▸ WORK INSTRUCTION
Exactly as written, set down the lines from the top of the entries through the line bearing "CottageCore Floral dress", with every picture left out.

▸ MATERIAL SHOWN
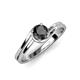 5 - Elena Signature 5.50 mm Round Black Diamond Bypass Solitaire Engagement Ring 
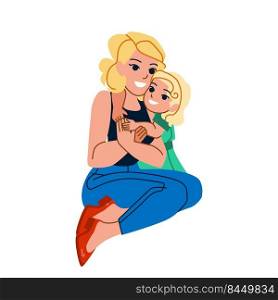 mother daughter hug vector. family happy parent, child hug mom, embrace together, smile lifestyle mother daughter hug character. people flat cartoon illustration. mother daughter hug vector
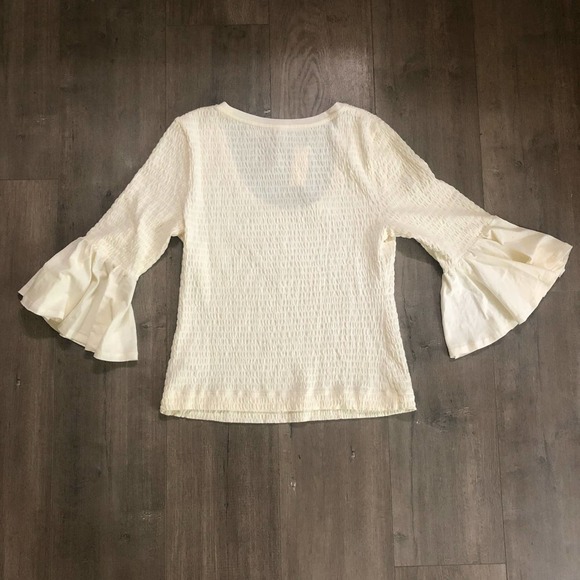 NWT Anthropologie White Cream Ruched Bell Sleeve Shirt - Picture 2 of 3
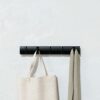 Umbra Modern, Simple and Space-Saving Rack with 5 Movable Hooks for Jackets, Coats, Scarves, Handbags and Mor, Wood/ABS, Black, 5 Haken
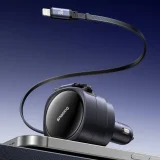 Autoladegerät mit einziehbaren USB-C- und iPhone-Lightning-Kabeln, 60 W – schwarz 9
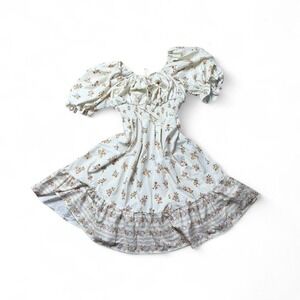 CottageCore Floral dress with puffy sleeves Whimsigoth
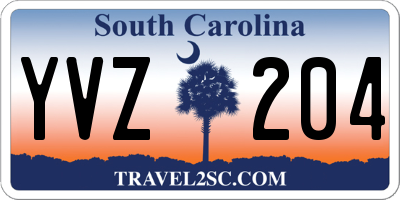 SC license plate YVZ204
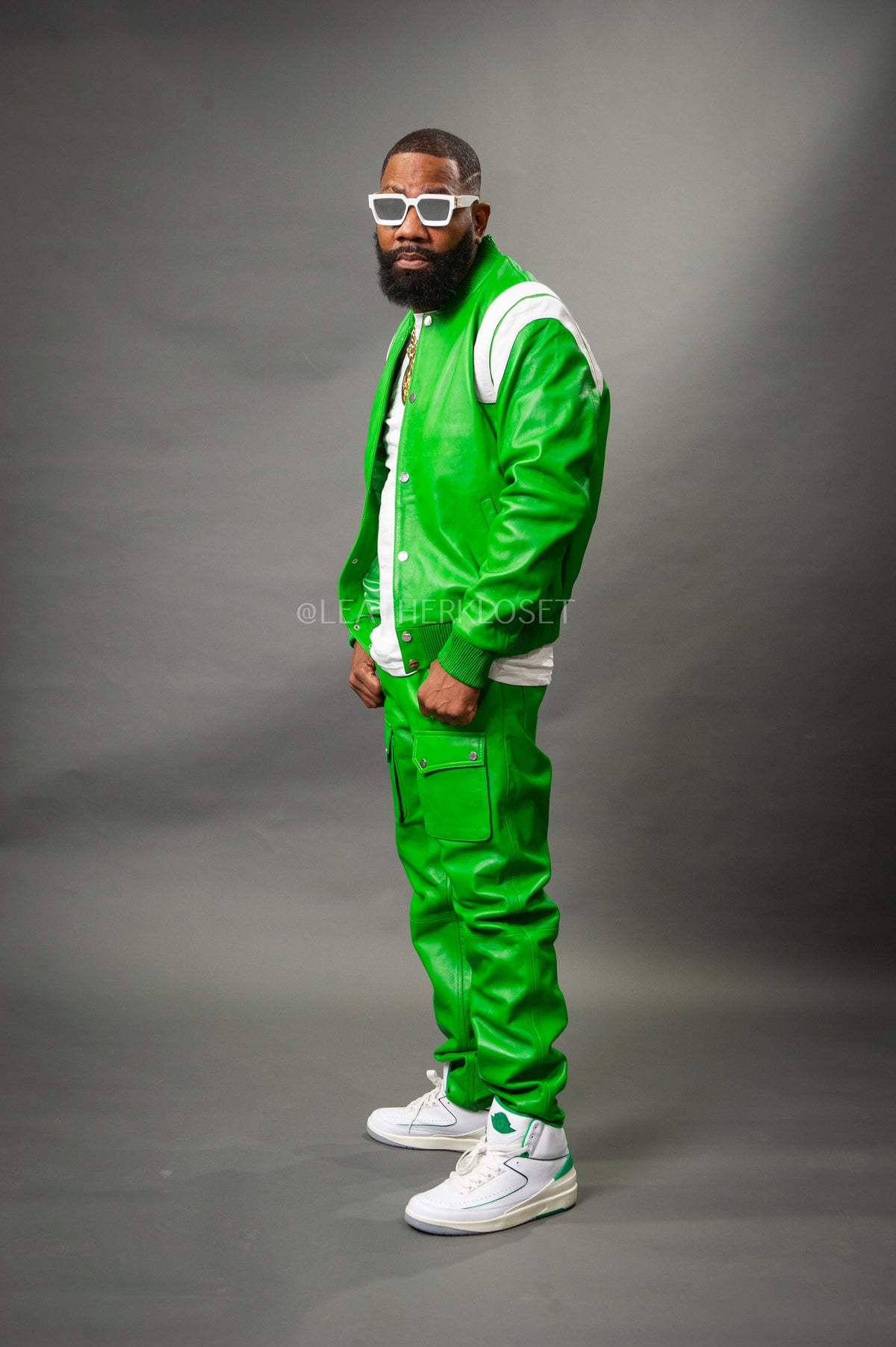 Men's Liam Varsity Jacket & Leather Cargo Pants [Green]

▸ REPLY TO THE TASK
 5 - Elena Signature 5.50 mm Round Black Diamond Bypass Solitaire Engagement Ring 
 mother daughter hug vector. family happy parent, child hug mom, embrace together, smile lifestyle mother daughter hug character. people flat cartoon illustration. mother daughter hug vector
 NWT Anthropologie White Cream Ruched Bell Sleeve Shirt - Picture 2 of 3
 Umbra Modern, Simple and Space-Saving Rack with 5 Movable Hooks for Jackets, Coats, Scarves, Handbags and Mor, Wood/ABS, Black, 5 Haken
 Autoladegerät mit einziehbaren USB-C- und iPhone-Lightning-Kabeln, 60 W – schwarz 9
 CottageCore Floral dress with puffy sleeves Whimsigoth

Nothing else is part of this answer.